Important

All Microsoft Academic Services have been officially retired as of December 31st, 2021. We are currently retaining original documentation as-is for educational use, however all information about signing up for services is no longer valid, and support and service (API) links will not function.


Frequently Asked Questions about Microsoft Academic Graph

Answers some of the most frequently asked questions about the Microsoft Academic Graph

License

Microsoft Academic Graph is licensed under ODC-BY

When using Microsoft Academic data (MAG, MAKES, etc.) in a product or service, or including data in a redistribution, please acknowledge Microsoft Academic using the URI https://aka.ms/msracad. For publications and reports, please cite following articles:

Note

  • Arnab Sinha, Zhihong Shen, Yang Song, Hao Ma, Darrin Eide, Bo-June (Paul) Hsu, and Kuansan Wang. 2015. An Overview of Microsoft Academic Service (MA) and Applications. In Proceedings of the 24th International Conference on World Wide Web (WWW '15 Companion). ACM, New York, NY, USA, 243-246. DOI=http://dx.doi.org/10.1145/2740908.2742839

  • K. Wang et al., “A Review of Microsoft Academic Services for Science of Science Studies”, Frontiers in Big Data, 2019, doi: 10.3389/fdata.2019.00045

How much does Microsoft Academic Graph cost

Microsoft Academic Graph is currently in free preview. Consumers incur costs only on their own Azure resource usage associated with graph (i.e. storing, downloading, processing, analytics, etc.).

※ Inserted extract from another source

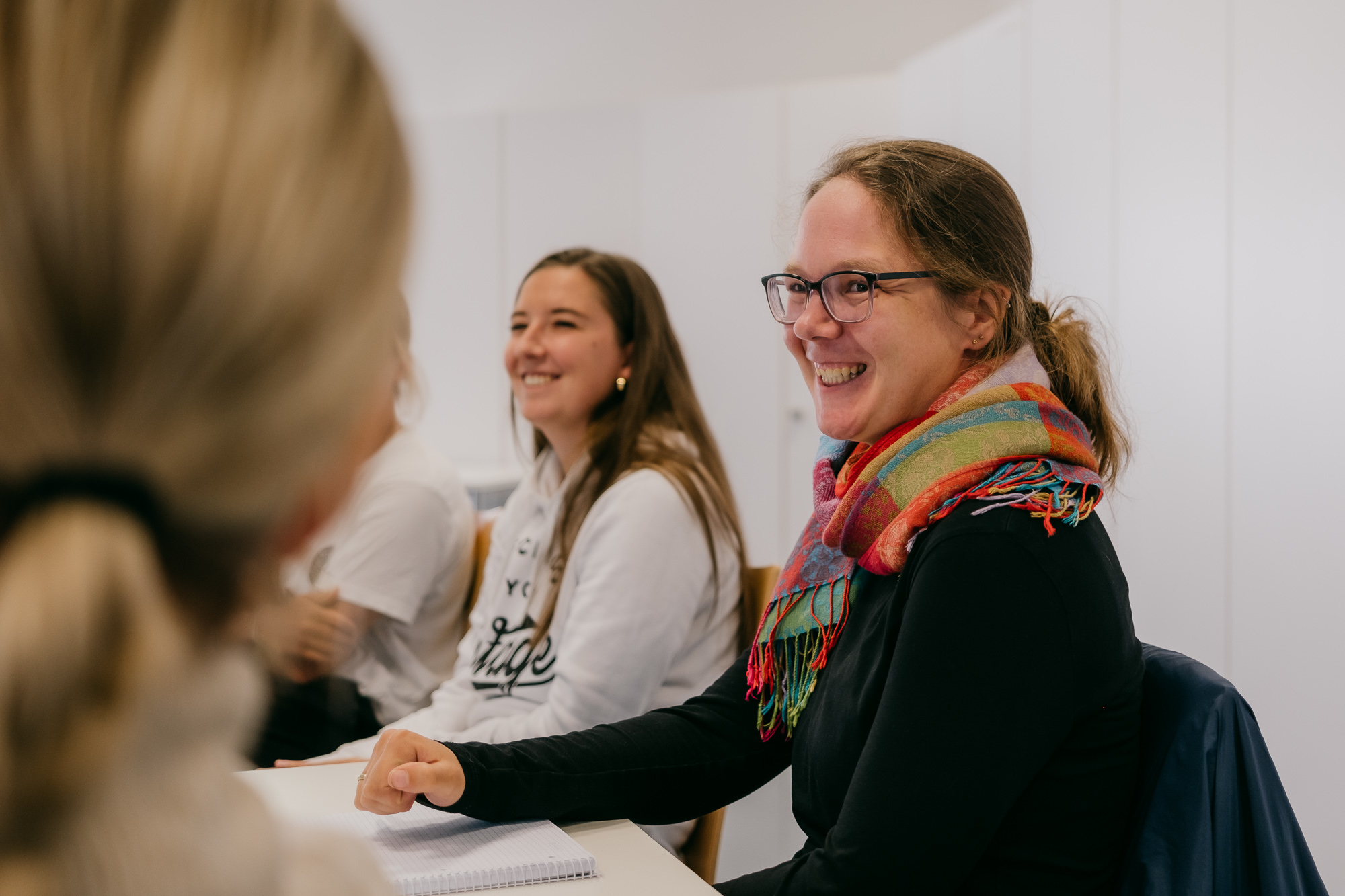 Studierende des Masters Mental Health stellen sich gegenseitig vor.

See the pricing page for Azure cost estimator links that pre-populate storage costs associated with storing the approximate size of the graph.

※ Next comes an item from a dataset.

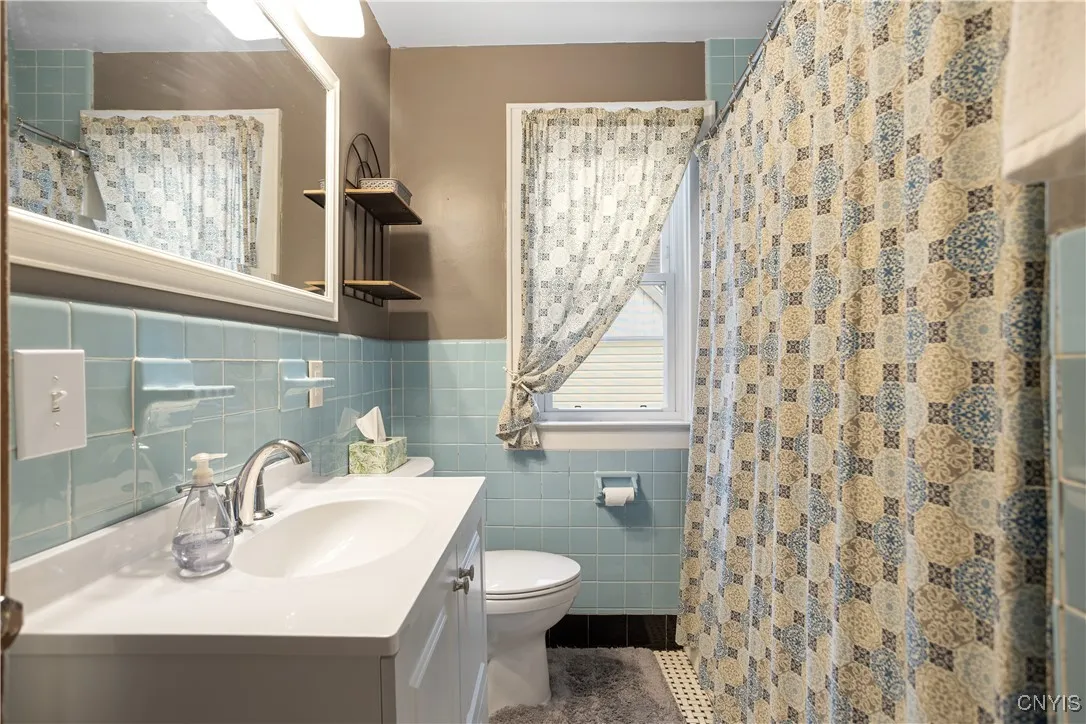 619 Dewitt Street, Syracuse, New York 13203, Syracuse, New York 13203, 4 Bedrooms Bedrooms, 9 Rooms Rooms,1 BathroomBathrooms,Residential,For Sale,619 Dewitt Street, Syracuse, New York 13203,0,S1650749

It's important to note that old versions of MAG are not removed or modified in any way by the provisioning process, so if you have signed up for automatic provisioning you are responsible for removing older releases.

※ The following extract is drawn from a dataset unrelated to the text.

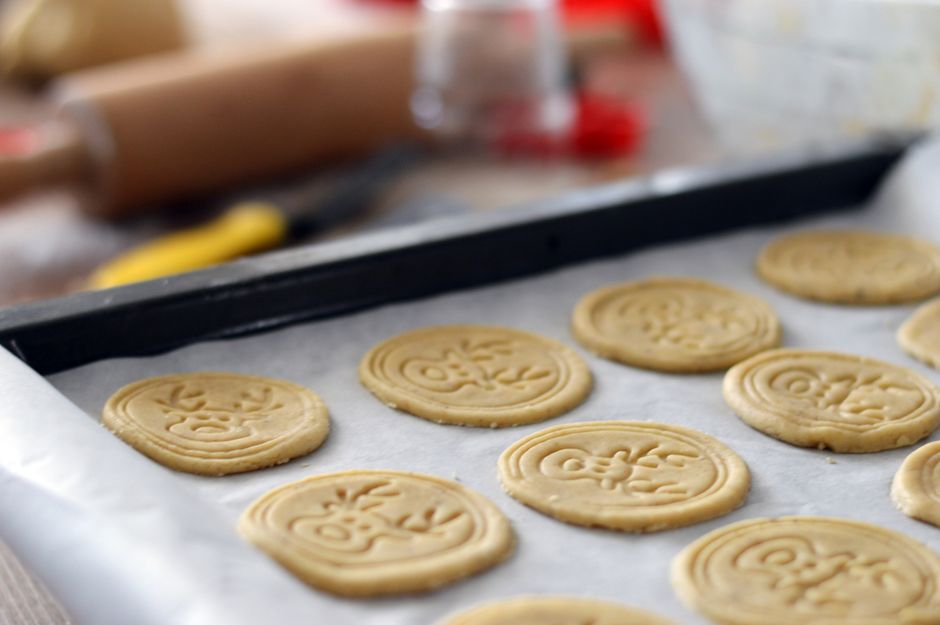 Plaque de cuisson garnie de biscuits, production en série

We are updating the data and send out a new copy every 2 weeks. However, the customer can decide to delete the old copies once they receive the new one.

How frequently is Microsoft Academic Graph updated

New Microsoft Academic Graph releases occur approximately every 1-2 weeks.

How is the field of study hierarchy generated

The topical hierarchy is generated by applying a NLP technique called hierarchical topic modeling, namely, we have asked our machine to infer based on all the documents it has read and understood. This is regenerated with every new graph release and published to the hierarchical browser on Microsoft Academic. Technical details of the computation method have been published in the Association for Computational Linguistics (ACL), please see A web-scale system for scientific knowledge exploration.

What format are paper abstracts published in

Due to legal constraints, paper abstracts in Microsoft Academic Graph cannot be published as plaintext. They are instead available as an inverted index in the PaperAbstractInvertedIndex stream. Inverted indexes store information about each word in a body of text, including the number of occurrences and the position of each occurrence.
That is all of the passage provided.